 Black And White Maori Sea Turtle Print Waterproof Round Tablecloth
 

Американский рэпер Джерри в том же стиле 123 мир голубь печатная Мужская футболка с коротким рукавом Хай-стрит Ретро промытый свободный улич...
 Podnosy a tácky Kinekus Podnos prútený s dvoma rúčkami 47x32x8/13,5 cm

########

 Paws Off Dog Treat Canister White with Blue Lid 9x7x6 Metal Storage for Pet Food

########

# [Work instruction]
The required output is every line above from the one with "Американский рэпер Джерри" down to the one with "Podnosy a tácky", restated word for word, ends included.

# [Problem solution]
Американский рэпер Джерри в том же стиле 123 мир голубь печатная Мужская футболка с коротким рукавом Хай-стрит Ретро промытый свободный улич...
 Podnosy a tácky Kinekus Podnos prútený s dvoma rúčkami 47x32x8/13,5 cm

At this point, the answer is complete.